Perguntas apresentadas pelas próprias crianças, em sua maioria de 9 a 14 anos, guiam a abordagem de temas científicos, em ambientes descontraídos, onde cada criança tem a opção de escolher o que fazer entre atividades diversas propostas pela equipe do projeto.
"Dar visibilidade às diferenças e valorizá-las, evitar os estereótipos e desconstruir a ideia de corpo normal são algumas de nossas preocupações”
“Pretendemos suscitar o encantamento pelo conhecer. O trabalho em oficinas procura induzir que cada uma das crianças trace o seu percurso singular. No início, abordávamos vários temas, mas atualmente nosso foco é o corpo humano e suas relações com o meio. Não apenas o corpo orgânico, mas o biopsicossocial. Dar visibilidade às diferenças e valorizá-las, evitar os estereótipos e desconstruir a ideia de corpo normal são algumas de nossas preocupações”, explica a professora Débora d’Ávila Reis, do Instituto de Ciências Biológicas (ICB), coordenadora do projeto.
Sempre com a colaboração das crianças, são criados e produzidos textos ilustrados, programas radiofônicos, curtas de animação e livros. O Universidade das Crianças, que também é um projeto de inovação e de produção de tecnologias educacionais e de divulgação científica, foi selecionado pela Fapemig para participar da mostra Inova Minas, realizada em agosto, no Circuito Cultural Praça da Liberdade.
Ampliar escala
Para Débora d´Ávila, uma das questões fundamentais que precisa ser encarada por aqueles que trabalham na divulgação científica é o tamanho do público alcançado.

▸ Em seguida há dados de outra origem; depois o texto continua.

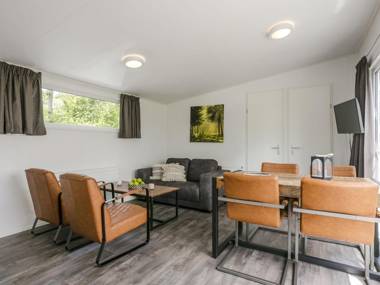 Comfy chalet with nice sliding doors near Lochem
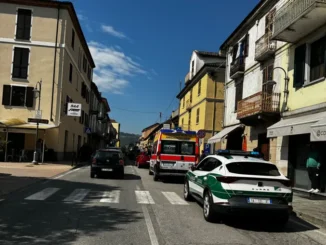 Incidente stradale nel centro di Santo Stefano Belbo, soccorritori in azione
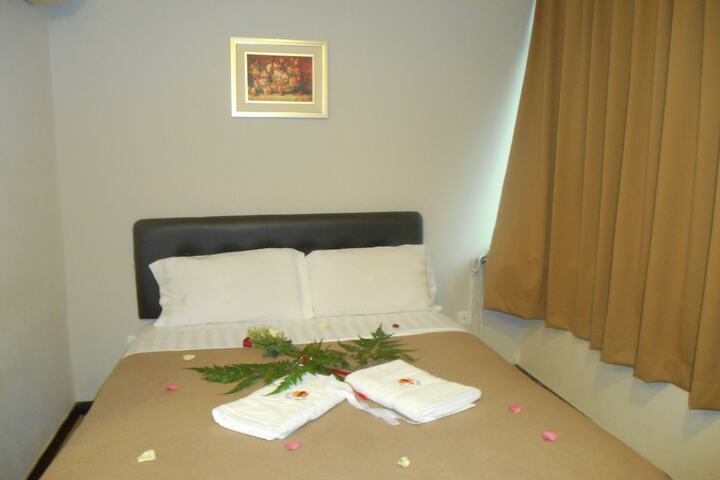 Room 13 of 41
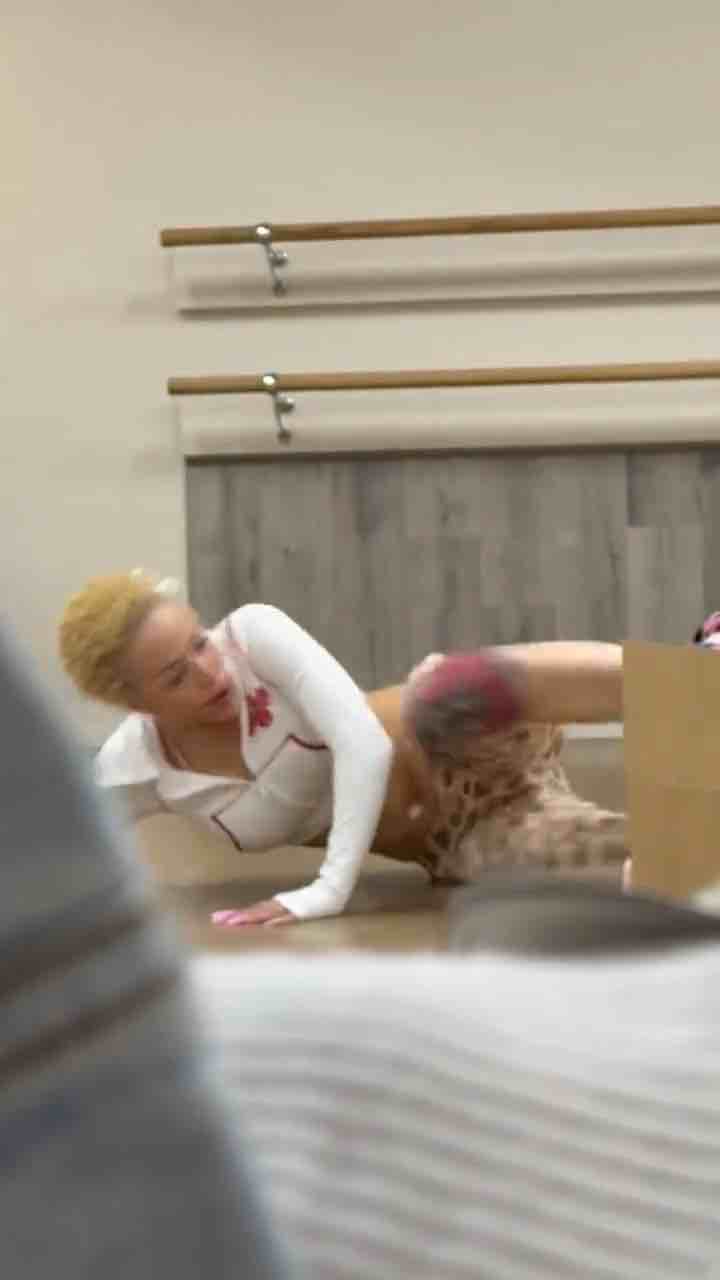 Doja Cat dancing Hip-Hop in dance room to Tell Me’s beat by Bobby Valentino and Lil Wayne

O site e a página no Facebook do Universidade das Crianças são muito visitados, e os vídeos, disseminados por todo o Brasil, mas o número de crianças contempladas com o trabalho presencial ainda é considerado muito pequeno, mesmo levando em conta as pessoas atingidas indiretamente, como familiares dos alunos, professores e funcionários das escolas. Uma das iniciativas da equipe que visa ampliar a escala de público é o apoio à abertura de outras universidades das crianças, em cidades como Diamantina, Ouro Preto e Betim.
“A ideia é consolidar uma rede que propicie a troca de experiências, o planejamento de ações comuns, a formação de multiplicadores e a cooperação na produção de materiais de divulgação científica para e com o público infantojuvenil”, diz a coordenadora. Uma das inspirações é a Rede Europeia de Universidades das Crianças.

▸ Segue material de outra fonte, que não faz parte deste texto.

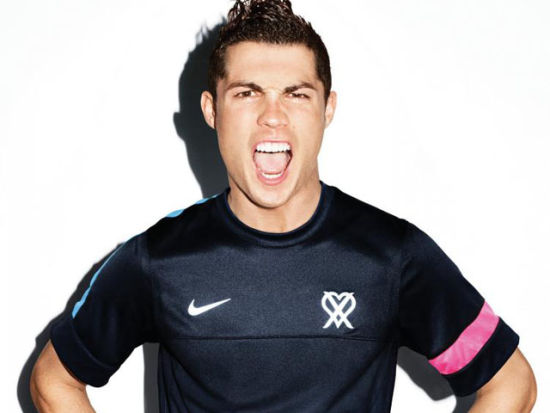 视频-外媒评10大最帅球星 C罗皮克卡卡上榜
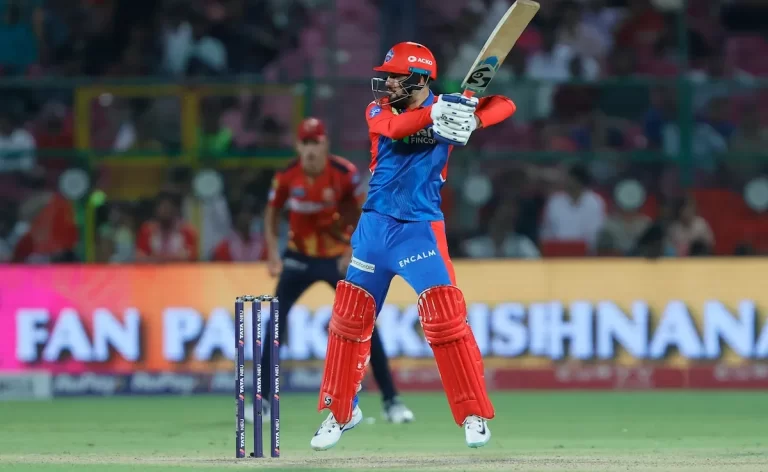 IPL 2026: ऑरेंज कैप पर समीर रिज़वी का कब्जा, पर्पल कैप के लिए कड़ी टक्कर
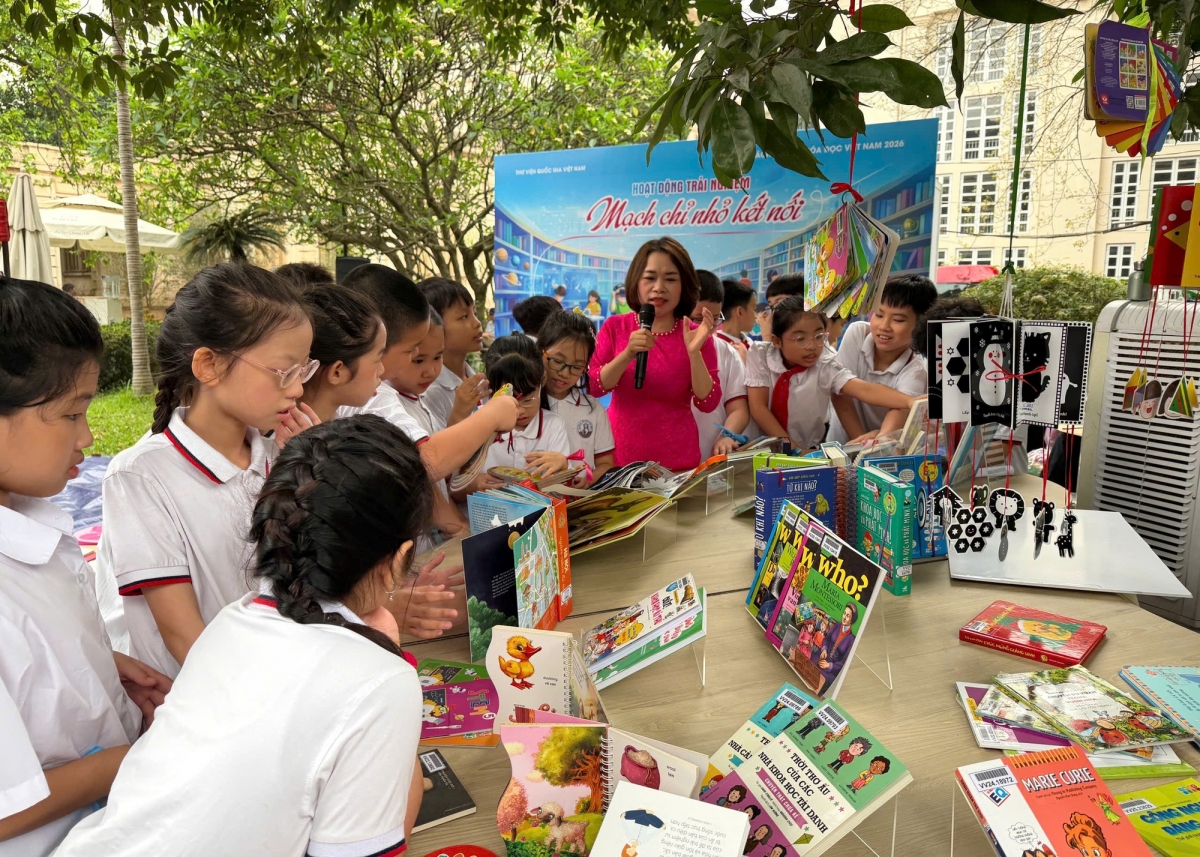 Hoạt động trải nghiệm “Mạch chỉ nhỏ kết nối” thu hút đông đảo bạn đọc tham gia trong khuôn khổ Ngày Sách và Văn hóa đọc Việt Nam năm 2026. Ảnh: VGP/Ngọc Hân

Textos, ilustrações e vídeos elaborados pelo Universidade das Crianças UFMG são utilizados há muito tempo por escolas e outras instituições – e mais recentemente têm atraído interesse formal de coordenadores de plataformas educacionais brasileiras e estrangeiras. Com o apoio da Coordenadoria de Transferência e Inovação Tecnológica (CTIT) da UFMG, o projeto tem considerado, segundo Débora d’Ávila, a possibilidade de transferência de seus produtos para empresas privadas, “naturalmente sem comprometer o trabalho realizado por meio do site, dos festivais e das oficinas presenciais”.

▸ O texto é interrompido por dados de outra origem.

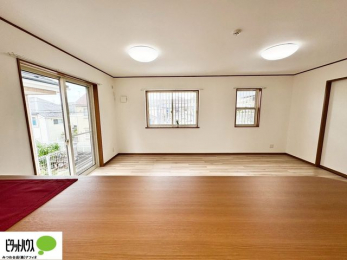 ���r���O�@�傫�ȑ�����ۓI�ȃ��r���O�́A�������邢��C�ɂ��Ă���܂��ˁB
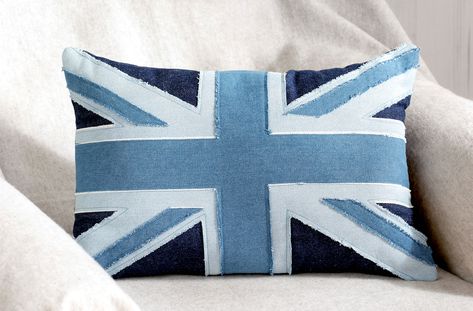 Use up your old jeans to create this upcycled Union Jack cushion in stylish shades of bleached blue, indigo and navy. Denim Repurpose, Union Jack Pillow, Union Jack Cushions, Sewn Bags, Sewing Cushions, Jack Flag, Quotes Humor, Upcycling Ideas, London Bars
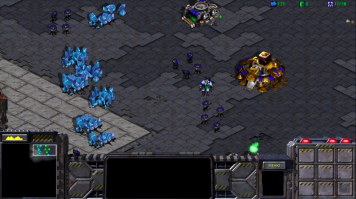 Релизная версия СтарКрафта выглядела не так. Вообще на стадии разработки графика в игре довольно сильно менялась. По сравнению с картинками, которые показывались общественности разработчиками, игра изменилась в лучшую сторону.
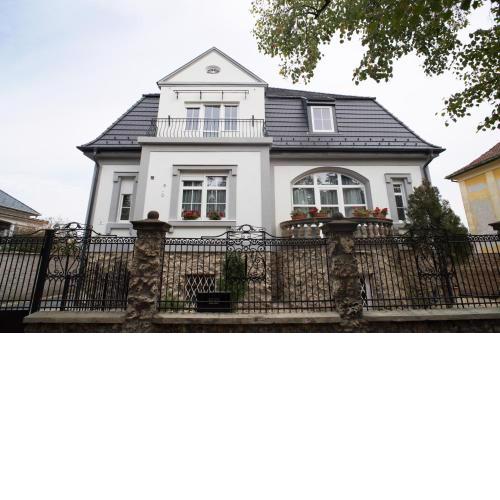 Deák Villa 37 Eger
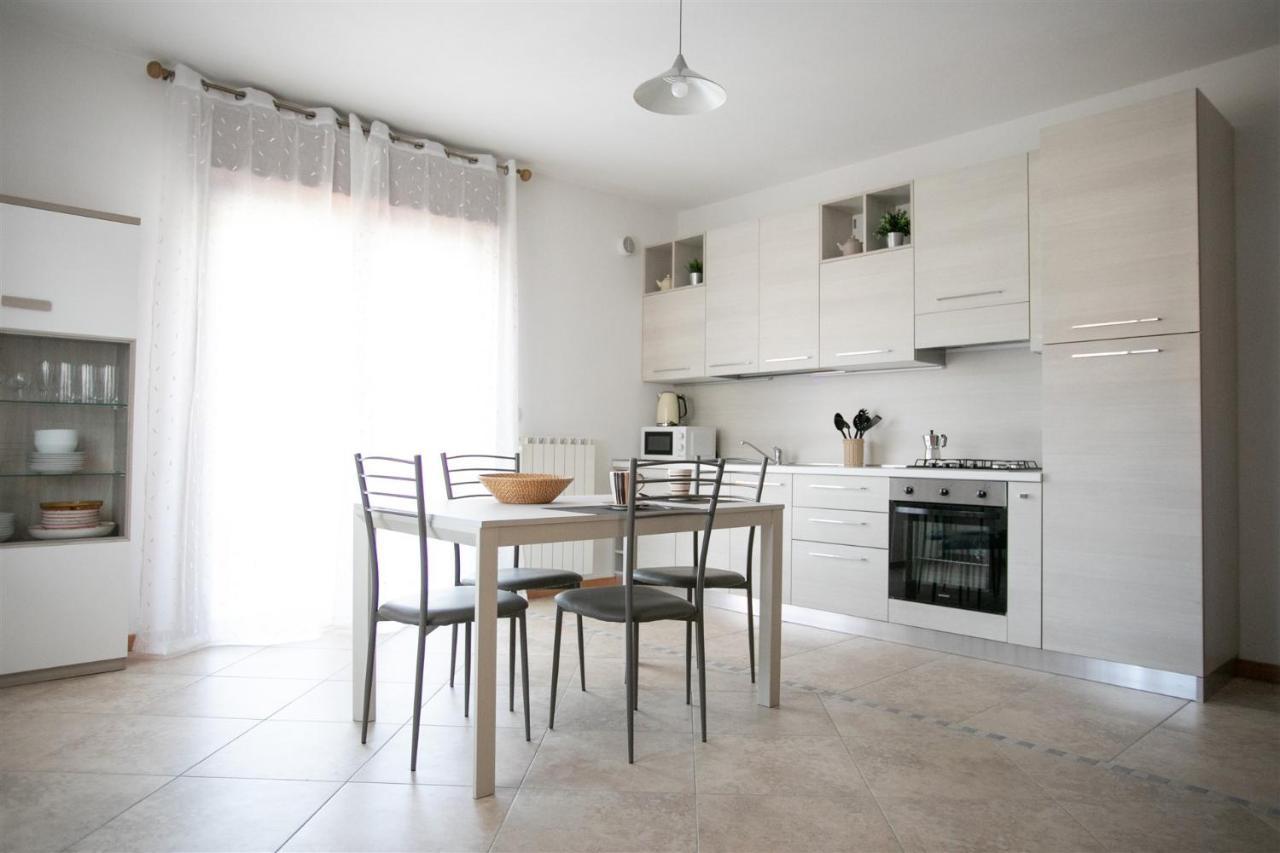Iseolakerental - Appartamento Iris Solto Collina Luaran gambar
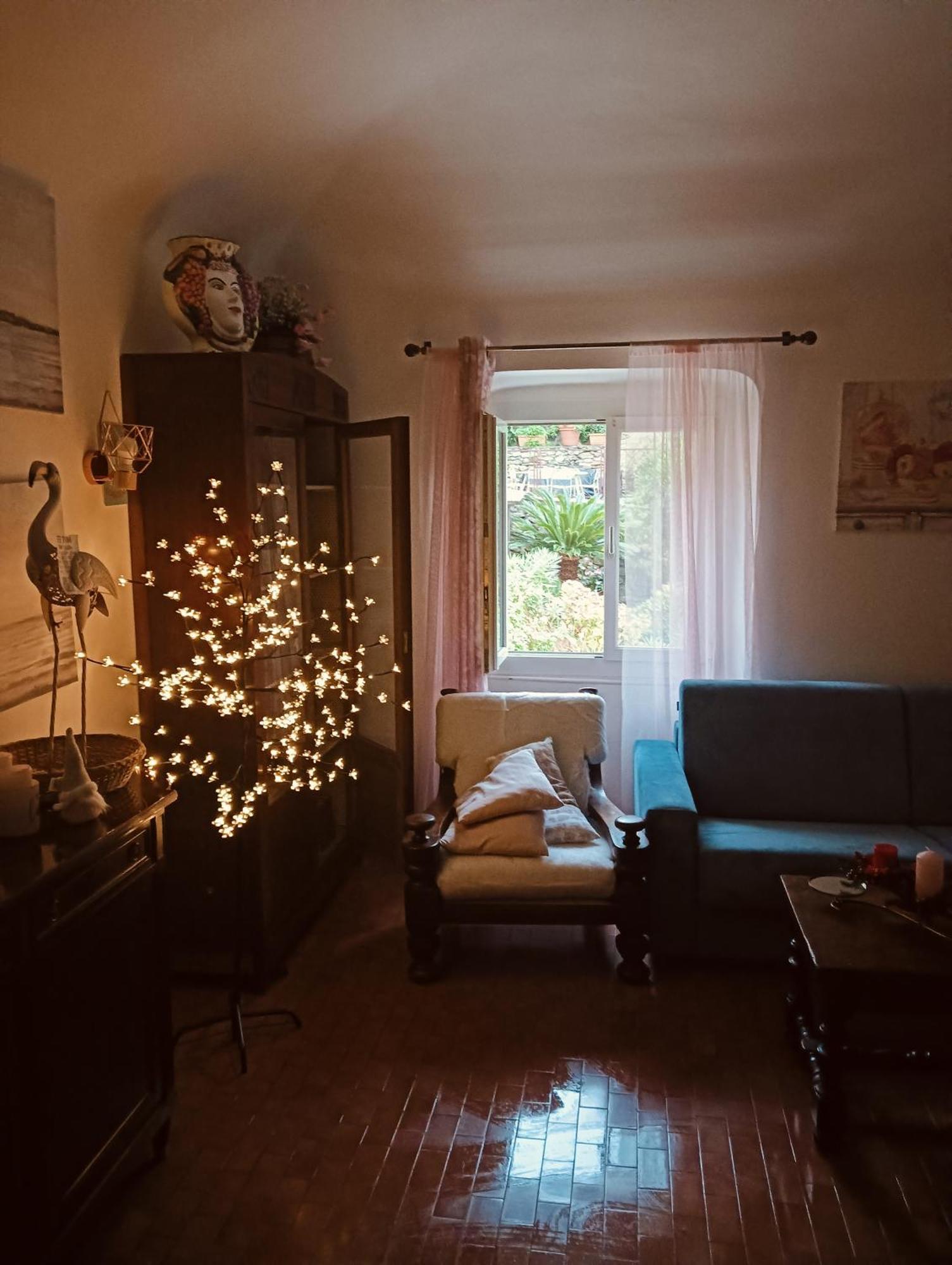 Ferienwohnung La Terrazza Di Ameglia Alta Exterior foto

O Universidade das Crianças UFMG é financiado pela Capes, CNPq, Fapemig e Pró-reitoria de Extensão e tem contado com o talento e o envolvimento de alunos de graduação de diversas áreas, de pós-graduação do ICB e da FaE, dos profissionais Mateus di Mambro, Marcela Werkema, Fabiano Bonfim, Bruno Sommerfeld e Bruno Lanza, formados pela Escola de Belas-Artes, de professores como Mauricio Gino, também da Belas-Artes, e da psicóloga Cristina Reis, consultora educacional na área de gênero.